One day, everything in Eira's life quietly shifted. Unlike the dramatic changes described in stories, his world transformed into silence. He was just a young boy, unaware of the complexities of adult life, and at first, he didn't even realize anything was different.
It began with his father's gaze. He started evaluating Eira as if he were a war horse destined for battle, not his own child. His eyes measured Eira's worth, as though he was deciding if he would survive his first confrontation or endure through many wars. Eira had no idea that, unlike his older brothers who would be sent onto the field with swords in hand, his own fate would not unfold the same way.
The next shift came within the family itself. Eira's brothers, just a few years older, had grown taller and stronger by the age he was then. They seemed to embody everything that he was not—brave, resilient, more suited to the expectations set before them. Eira, on the other hand, was small and, as some would say, pretty. Eira noticed the regret in his mother's eyes—a look of sorrow he had never seen before. She had always been reserved, but now he could feel her pain, along with her disdain, as though her eyes shed tears of blood for a battle he had lost before it had even started. He could not understand what losing that battle truly meant.
The final change was the most profound. It felt as if he had been handed a death sentence by the king himself: he was declared an omega. The transformation began with a fever, burning through his body like molten lava from a volcano in one of the nanny's stories. No cold bath or howling wind could cool the heat pouring from his skin. Then came the scent—so sweet and overwhelming, and it was almost intoxicating, surpassing even the fragrance of flowers soaked in honey.

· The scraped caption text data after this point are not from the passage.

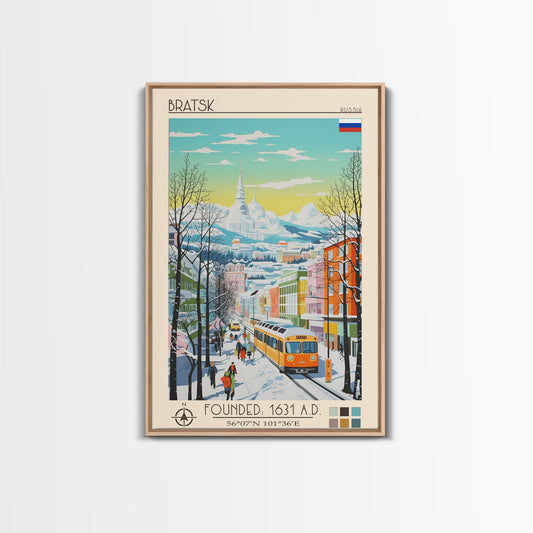 Bratsk Russia Travel Poster Framed Canvas Print, Midcentury Modern Art, Pop Art Wall Decor, Home Decor, Vacation Gift, Living Room Art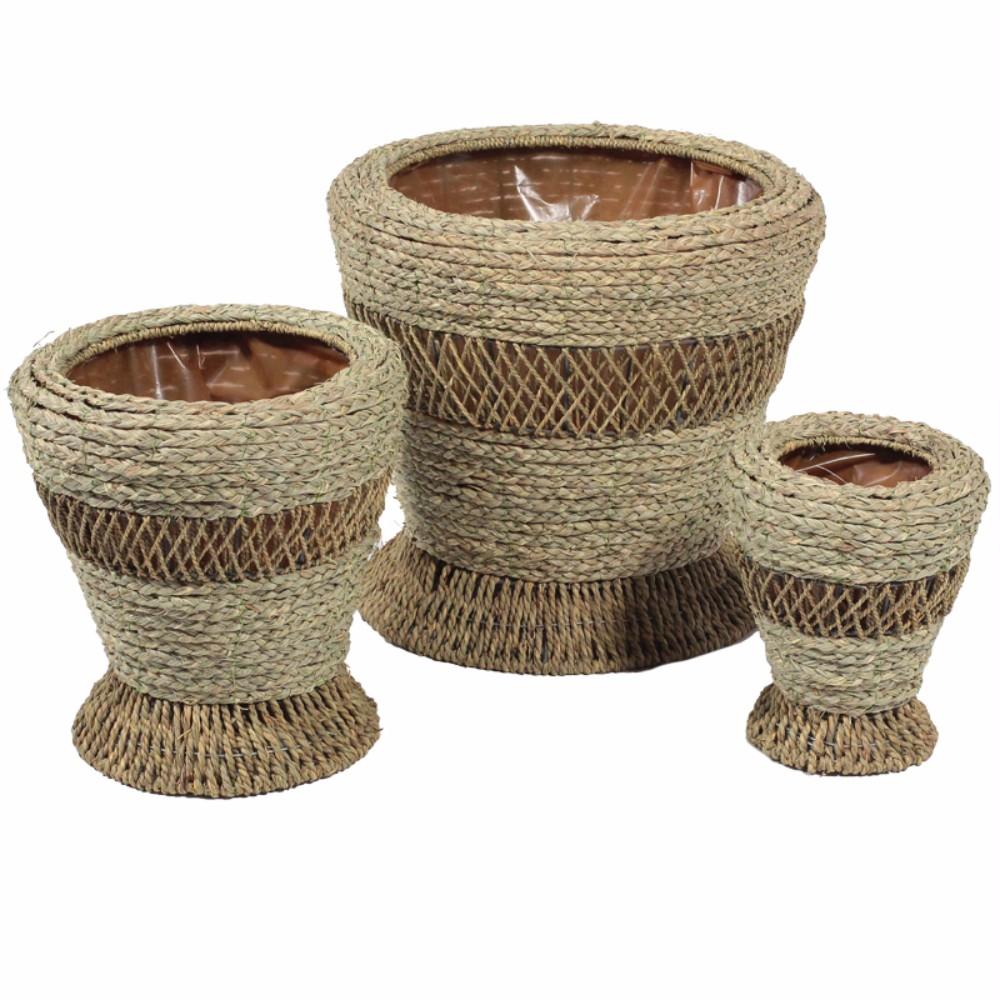 Woven Patterned Baskets, Beige, Set Of 3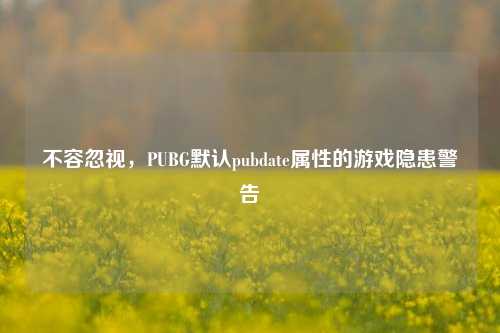 不容忽视，PUBG默认pubdate属性的游戏隐患警告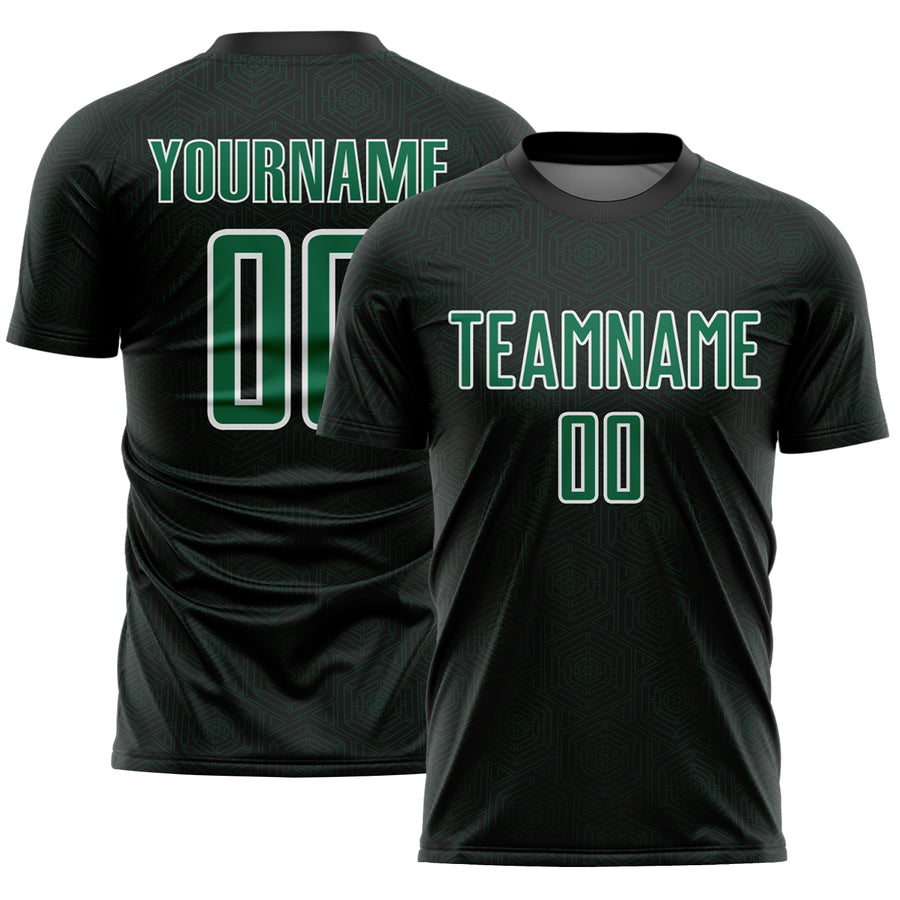Custom Black Kelly Green-White Geometric Shape Sports Sublimation Soccer Uniform Jersey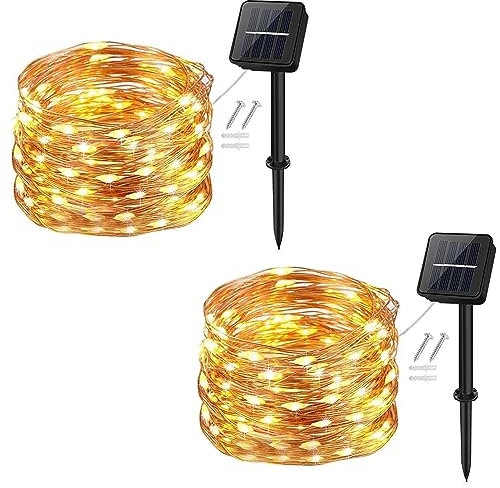 cshare [2 Stück Solar Lichterkette Aussen, 120LED 12M 8 Modus Außenbeleuchtung Kupferdraht Wasserdicht für Garten,Balkon,Terrasse,Balkon,Tor,Hof,Hochzeit,Party(Warmweiß)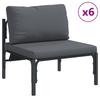 9 Piece Garden Sofa Set with Cushions Black Steel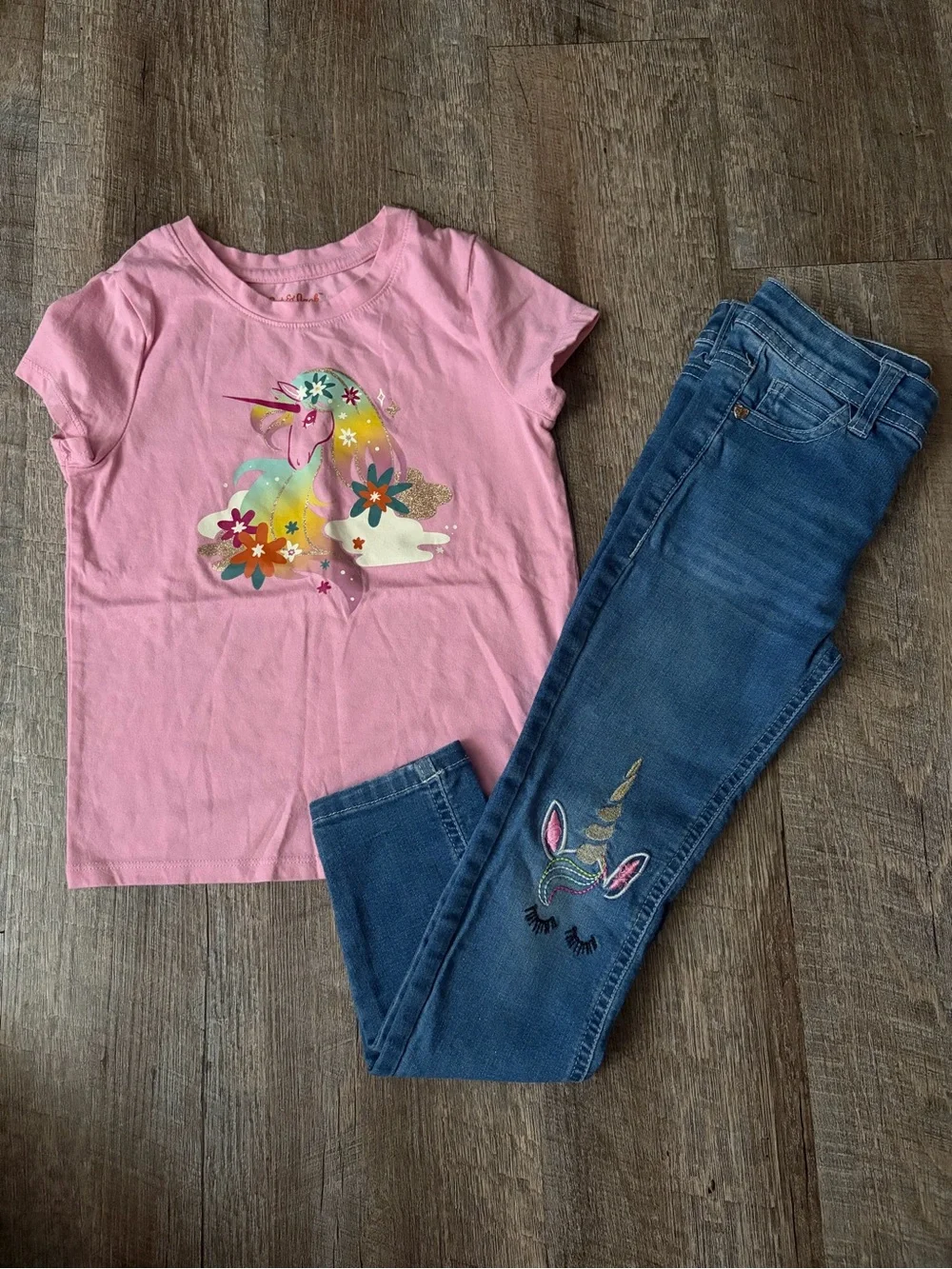 Cat & Jack Pink Unicorn Graphic Tee - Pastel Rainbow
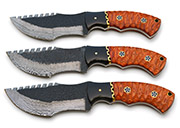 Damascus Hunting Knife with Hand-Carved Orange Wood Handle, Leather Sheath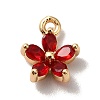 Brass Cubic Zirconia Flower Charms KK-O141-01G-07-1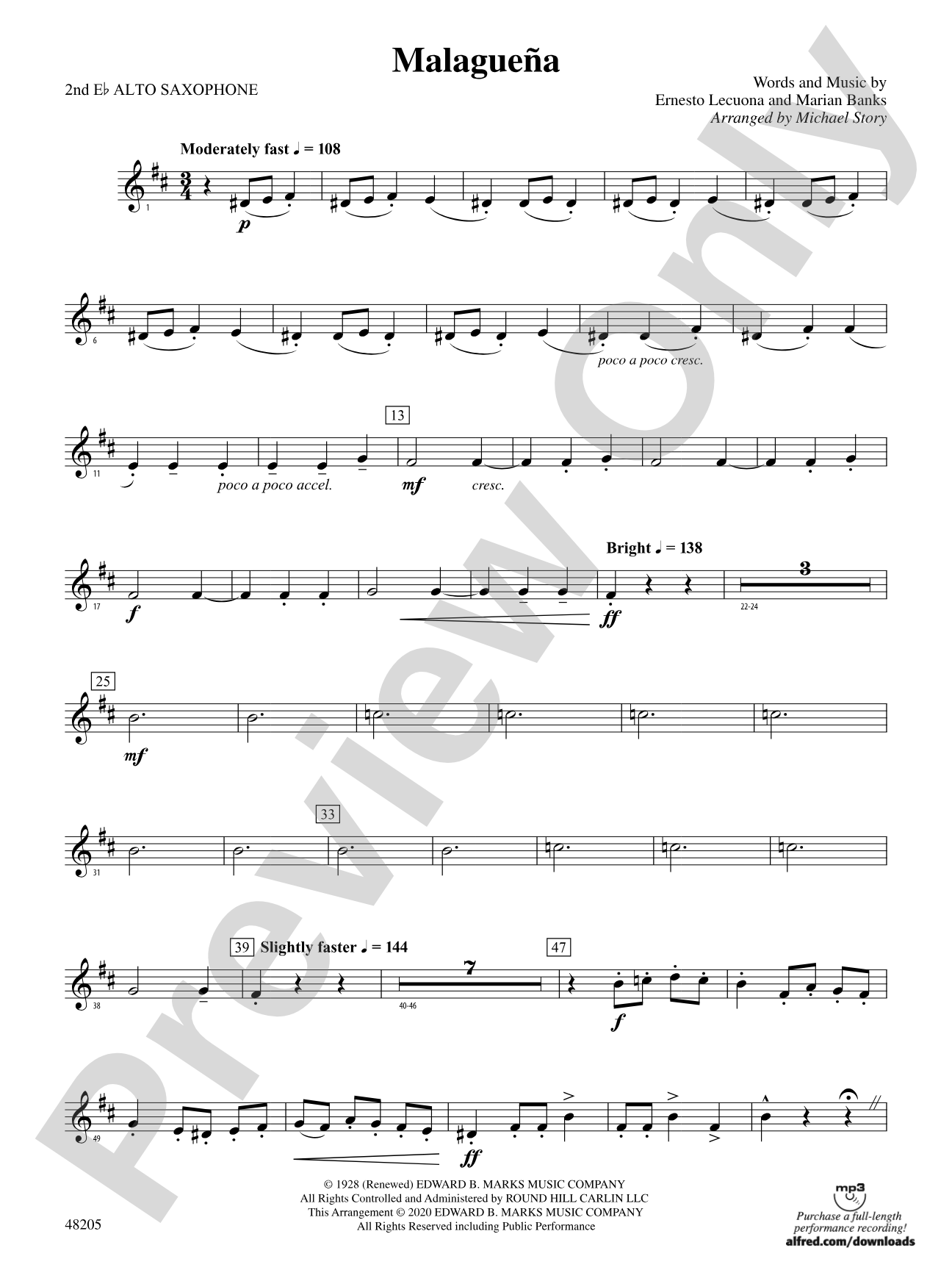 Malagueña: 2nd E-flat Alto Saxophone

On that day, his father's judgment ceased. He could no longer ignore the reality of his changing world. Ignorance is not a permanent shield; once the change wraps itself around you like a collar, your freedom is lost before you even understand what it means. He wished he would have soaked in the little freedom he was given before it was stolen from him like a child losing his toy.
If he belonged to another family or kingdom, this change might not have mattered. Now, it feels like he's been left alone in a torment he may not survive. If he ever wakes up from this nightmare, all he wants is a quiet place of his own, far from here—nothing lavish, just peaceful and his.